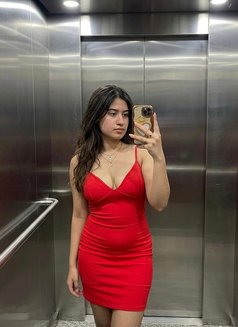 ️🥂꧁ Cam Show꧁ & ꧂ Real meet ꧁🥂 ꧂ - escort in Bangalore Photo 1 of 4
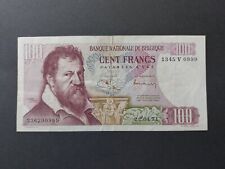 1971 100 franchi usato  Avola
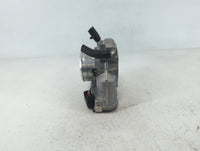 2011-2014 Hyundai Sonata Throttle Body P/N:35100-2G700 Fits Fits 2011 2012 2013 2014 2015 2016 OEM Used Auto Parts - Oemused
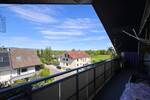 Etagenwohnung March Hugstetten - 4 Zimmer, 92 m&sup2;, 359.000&euro; | Angebot:26794347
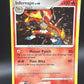 Pokémon TCG: 2007 Infernape 5/130 - Diamond and Pearl
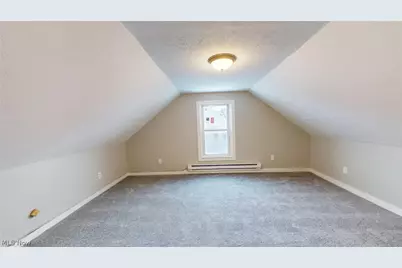 4572 Niessen Court, Loveland, OH 44109 - Photo 30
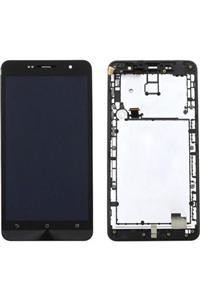 ASUS Zenfon 6 Full Ekran Lcd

### DIRECTIONS FOR THIS TASK
Give the entries again word for word, but skip the pictures.

### RESULT
 ️🥂꧁ Cam Show꧁ & ꧂ Real meet ꧁🥂 ꧂ - escort in Bangalore Photo 1 of 4
 1971 100 franchi usato  Avola
 2011-2014 Hyundai Sonata Throttle Body P/N:35100-2G700 Fits Fits 2011 2012 2013 2014 2015 2016 OEM Used Auto Parts - Oemused
 Etagenwohnung March Hugstetten - 4 Zimmer, 92 m&sup2;, 359.000&euro; | Angebot:26794347
 Pokémon TCG: 2007 Infernape 5/130 - Diamond and Pearl
 4572 Niessen Court, Loveland, OH 44109 - Photo 30
 ASUS Zenfon 6 Full Ekran Lcd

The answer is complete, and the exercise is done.